= Los Kakukomicos =

Puerto Rican television comedy show

Los Kakukomicos was a Puerto Rican television comedy show which was produced by Paquito Cordero for Telemundo, channel 2. It was shown consecutively between 1980 and 1990.The show featured such stars as Lourdes Chacón, Otilio Warrington, the Argentine-Puerto Rican actress Raquel Montero, Rosita Velazquez, Juan Manuel Lebron, Waleska Seda, Tito Negrón, Shorty Castro, Adrian Garcia and others, as well as, before his death, Machuchal.

In 2011, the show was revived as a theatrical play, named "Los Kakukomicos, El Regreso" ("Los Kakukomicos, The Return").
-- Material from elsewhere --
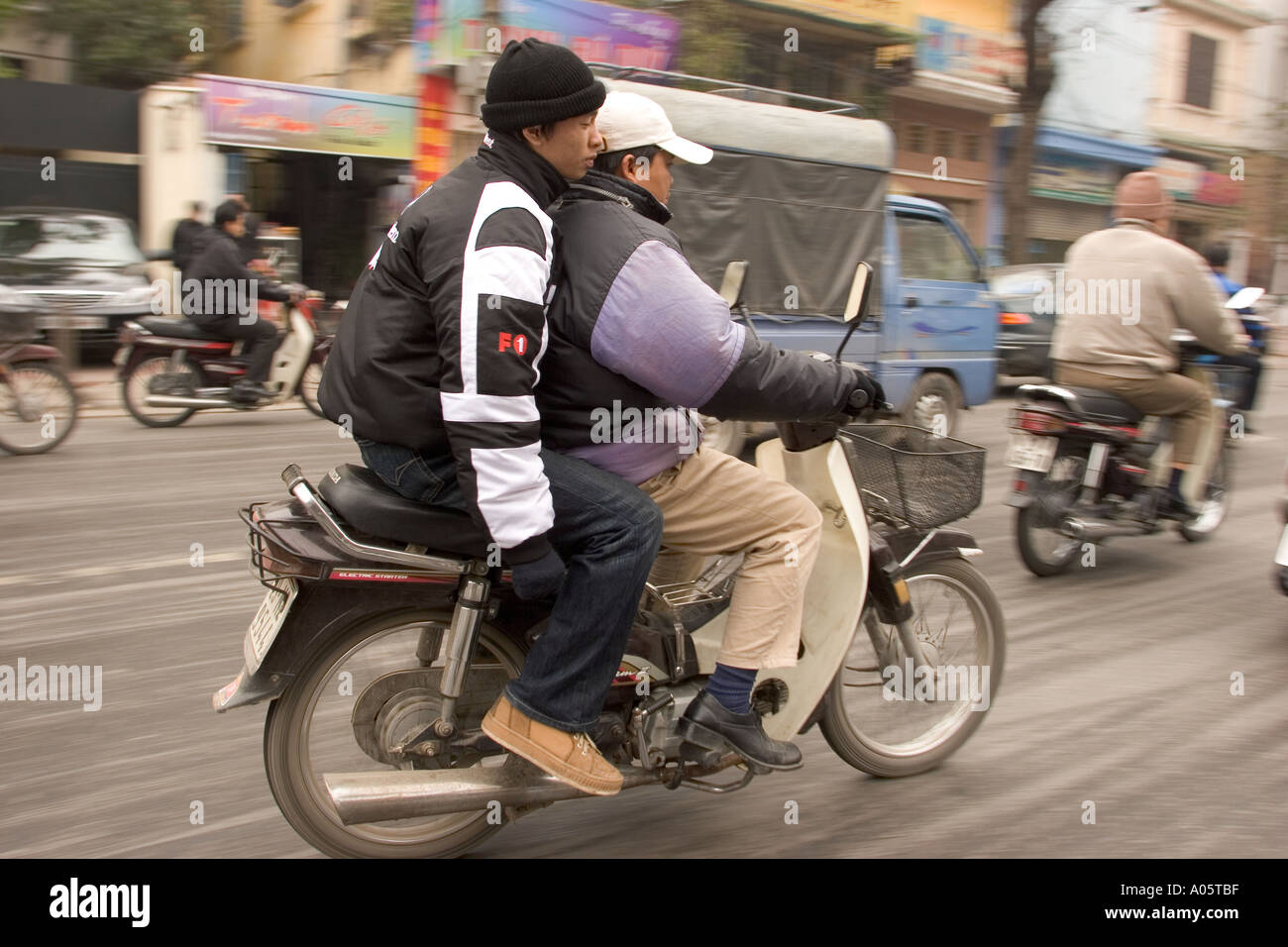 Vietnam Hanoi Zentrum Altstadt Transport Verkehr Motorrad-Taxi mit Beifahrer Stockfoto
The show is considered a comedy classic by Puerto Rican television viewers and critics alike.

==Toribio and Tesoro==
Among the best known characters from the show were Adrian Garcia's "Toribio" and Raquel Montero's "Tesoro", who were husband and wife. Their sketch consisted of situations in which "Tesoro"always cheated on "Toribio" with a character played by Juan Manuel Lebron, without "Toribio" figuring it out.

==Cuca Gomez==
Another popular character was female gossiper "Cuca Gomez", played by Otilio Warrington, who acted in drag for the role.